ABOUT THIS EXERCISE:
Pictures stay out of the output. Return exactly the lines below from the one with "MEBLINI Eckbank für" down to the one with "Tajiyane Women's 93%", both included, and nothing more.
═══ RAW DATA
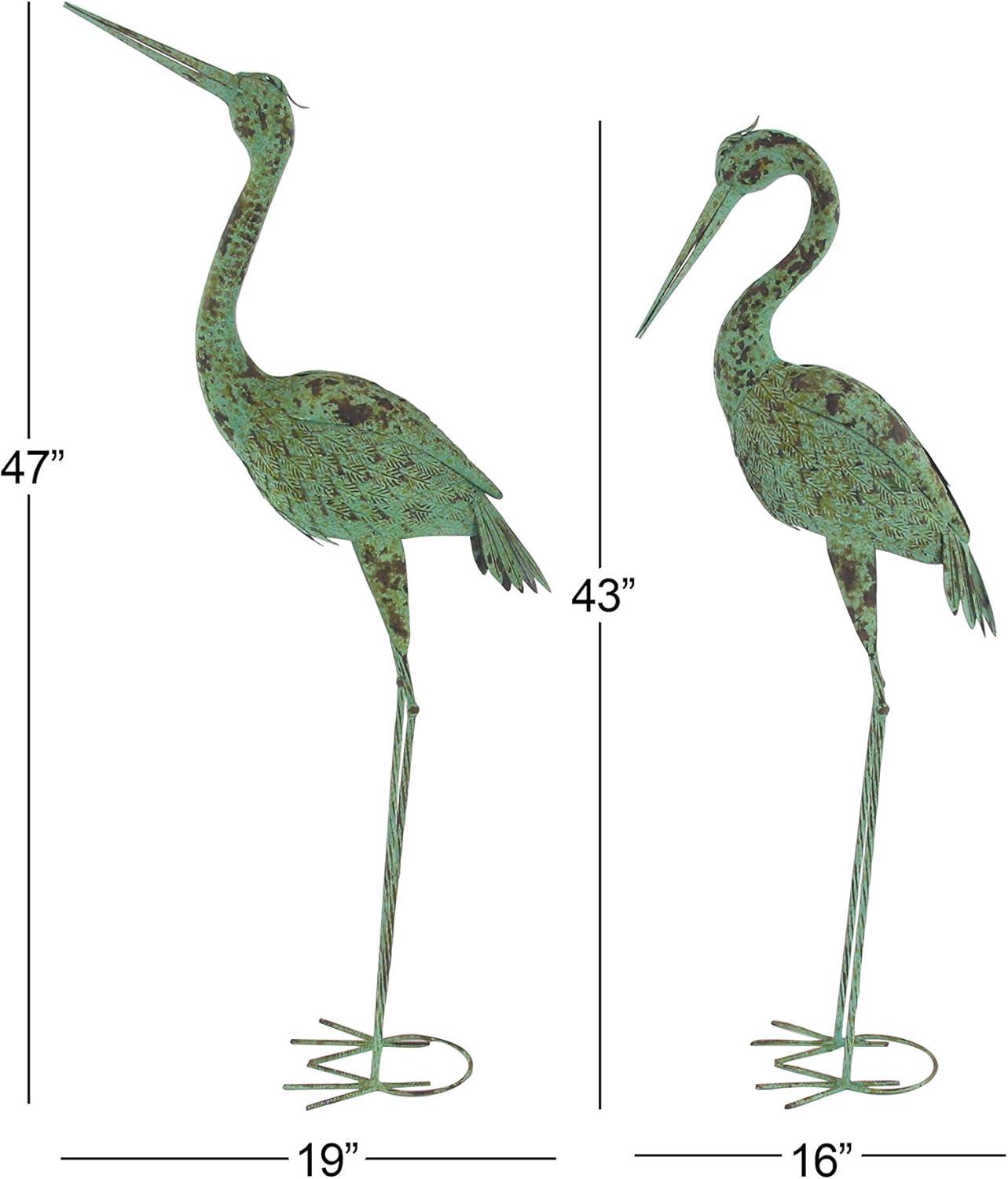 DecMode 47" Indoor Outdoor Crane Garden Sculpture with Coiled U Shaped Feet (2 Pack)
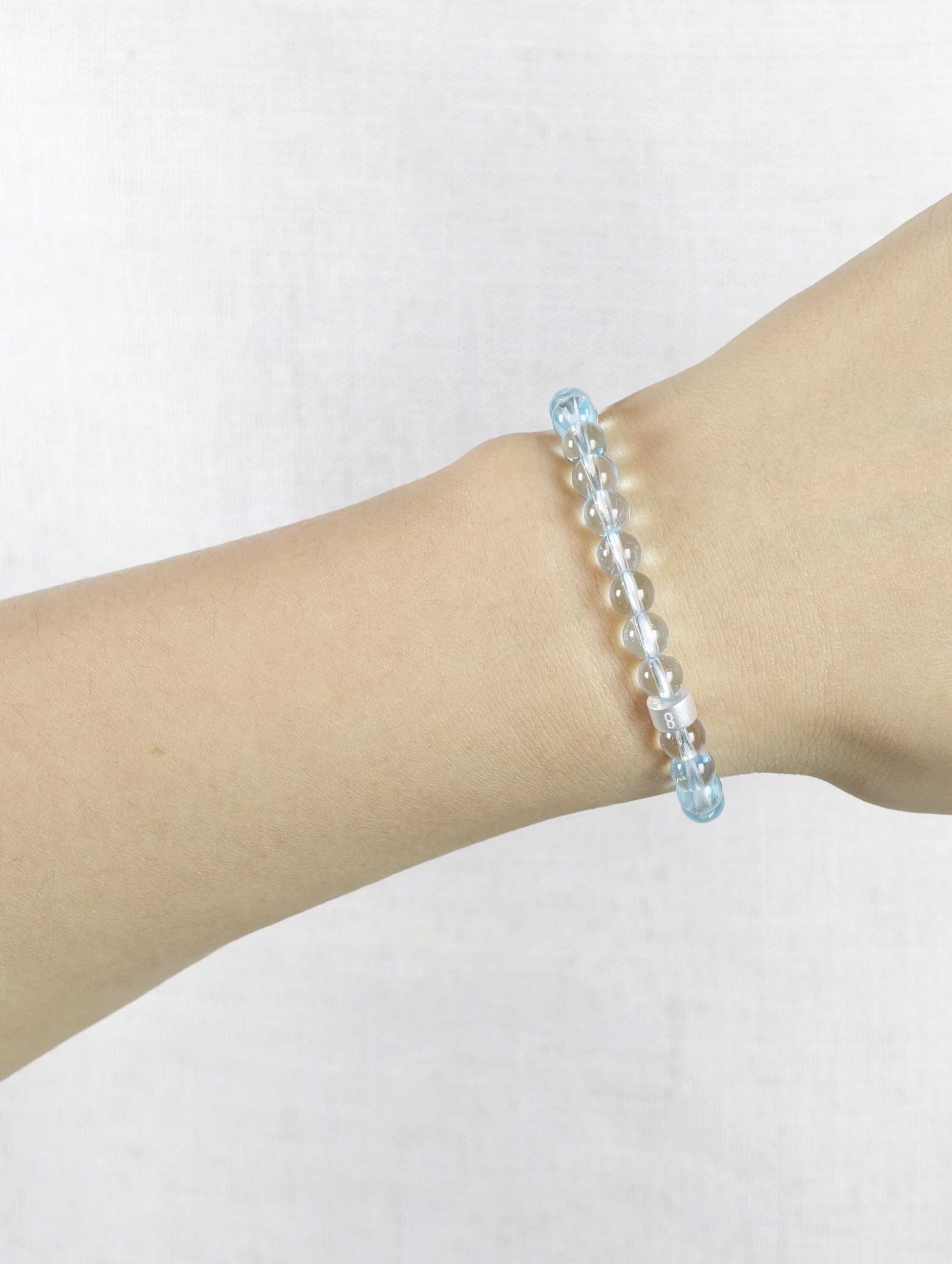 Pulsera de Topacio Azul con Tubos de Plata 925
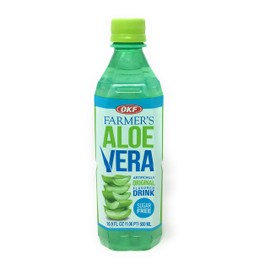 OKF Aloe Vera Drink in 16.9 Ounce Bottles (Sugar Free, 6 Pack)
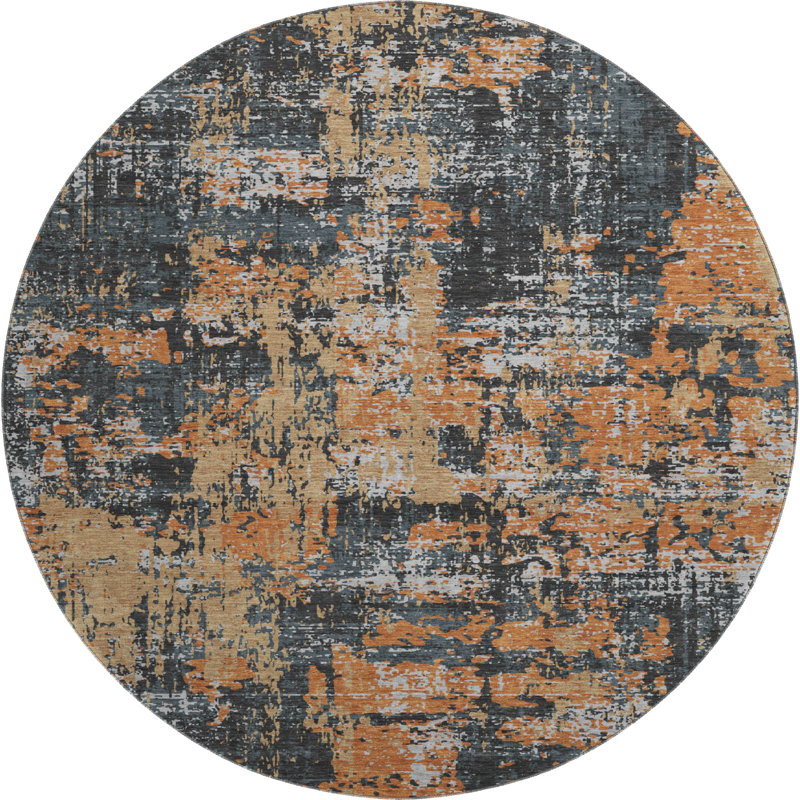 Premium Machine Washable Mayfield AMF1008 Abstract Rug, Round 8'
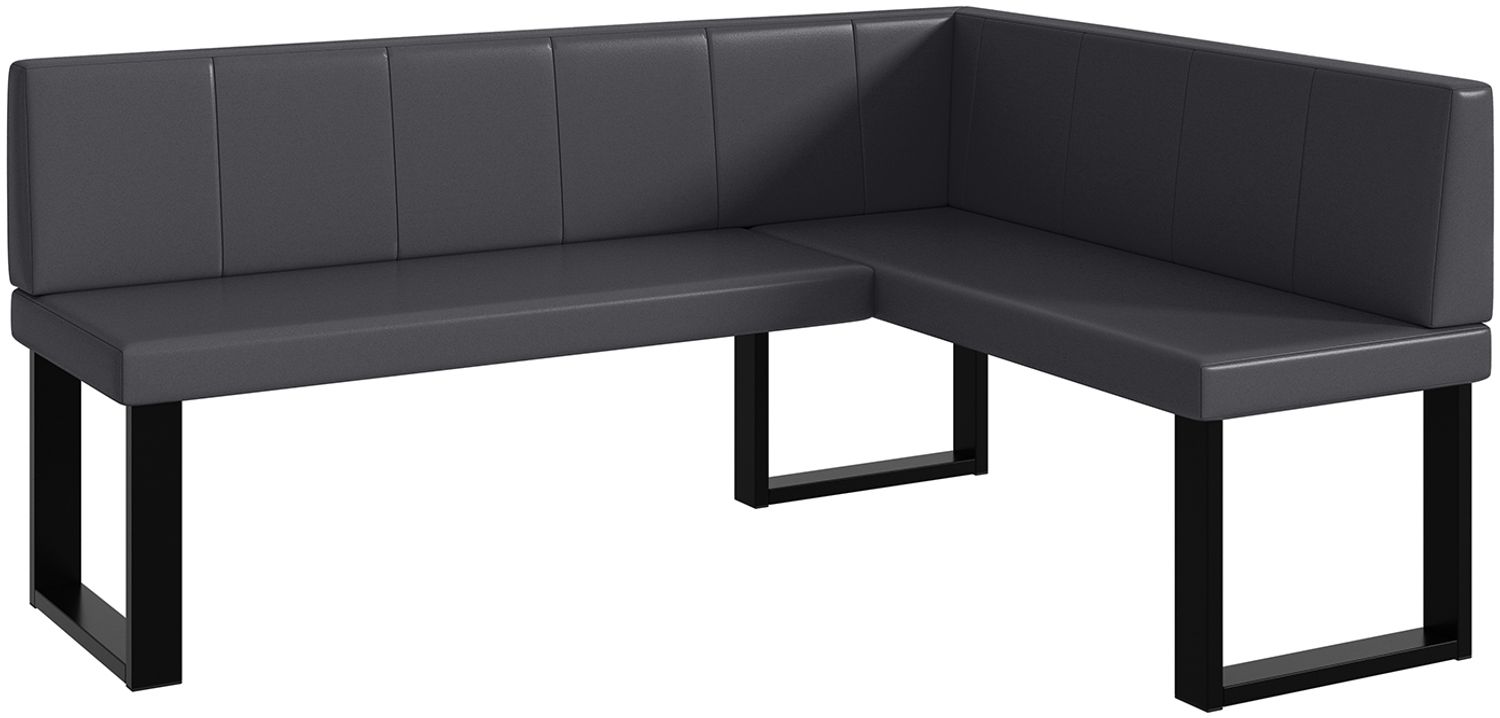 MEBLINI Eckbank für Esszimmer - Küchenbank - Essecke - Sitzecke Küche - PETER - U-Beine 128x168x87cm Rechts - Grau Kunstleder Bild 1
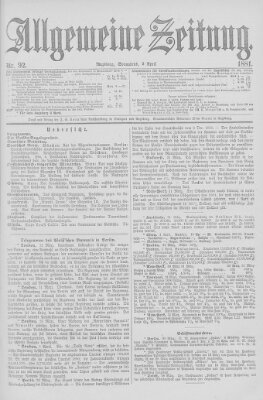 Allgemeine Zeitung Samstag 2. April 1881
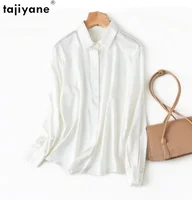 Tajiyane Women's 93% Mulberry Silk 7% Spandex 19 momme satin Silk Buttons long sleeve shirt Top Blouse office work chemise femme - Image 5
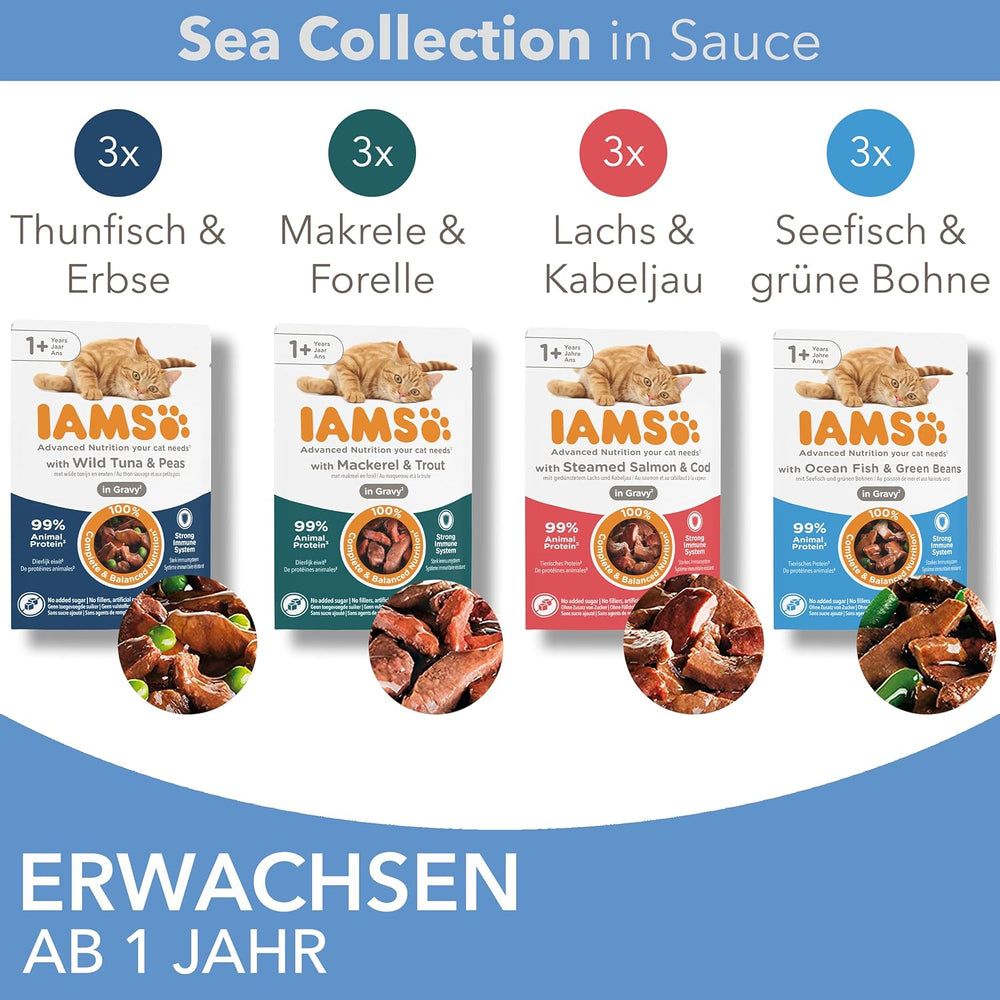 IAMS Delights Sea Collection Katzenfutter Nass - Multipack mit Fisch Sorten (Lachs, Thunfisch, Maquereau, Seefisch) en Sauce, Nassfutter für Katzen à partir de 1 janvier, 12 x 85g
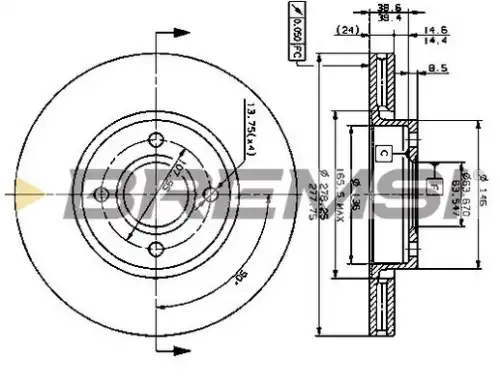 Тормозной диск CD6801V BREMSI
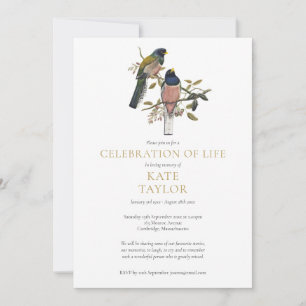 Garden Birds Funeral Celebration of Life Invitation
══════
ANSWER SPACE:
 MEBLINI Eckbank für Esszimmer - Küchenbank - Essecke - Sitzecke Küche - PETER - U-Beine 128x168x87cm Rechts - Grau Kunstleder Bild 1
 Allgemeine Zeitung Samstag 2. April 1881
 Tajiyane Women's 93% Mulberry Silk 7% Spandex 19 momme satin Silk Buttons long sleeve shirt Top Blouse office work chemise femme - Image 5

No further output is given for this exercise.